> Data extract:
[Start of Attachment]

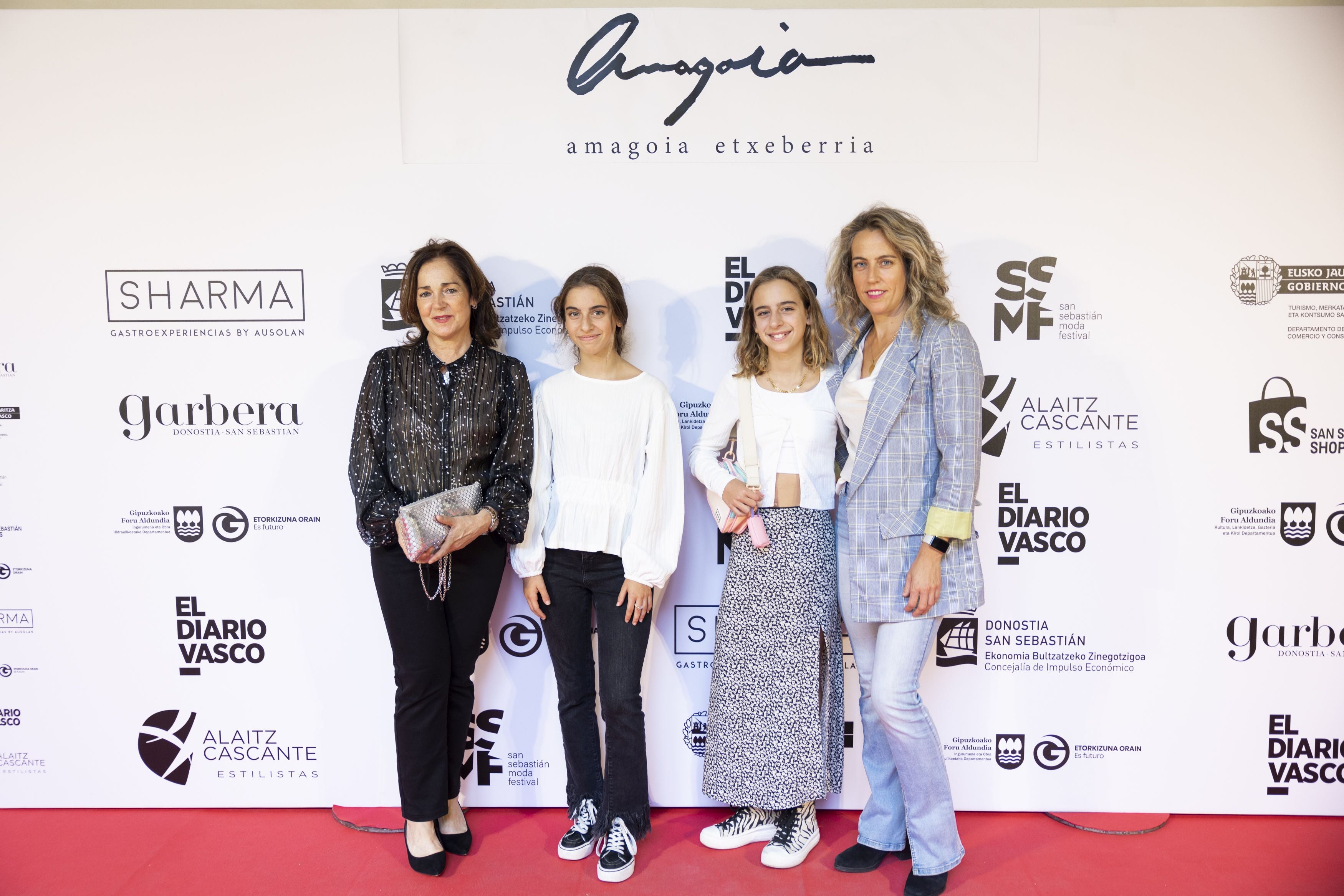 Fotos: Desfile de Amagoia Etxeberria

[End of Attachment]
[Start of Attachment]

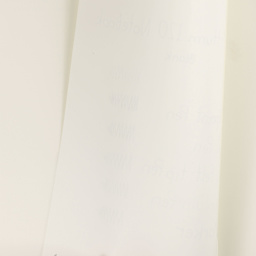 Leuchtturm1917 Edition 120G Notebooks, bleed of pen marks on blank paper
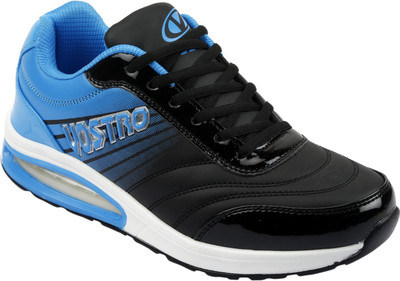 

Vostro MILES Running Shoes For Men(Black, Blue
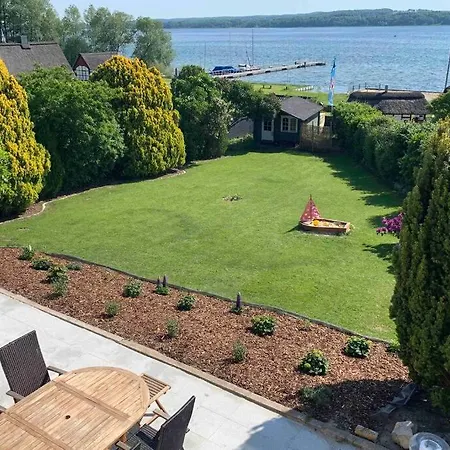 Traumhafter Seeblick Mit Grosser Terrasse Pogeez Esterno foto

[End of Attachment]

> Problem description:
Using the listing above, restate exactly the range between the lines holding "Vostro MILES Running" and "Traumhafter Seeblick Mit", inclusive, with pictures left out.

> The completed task:
Vostro MILES Running Shoes For Men(Black, Blue
 Traumhafter Seeblick Mit Grosser Terrasse Pogeez Esterno foto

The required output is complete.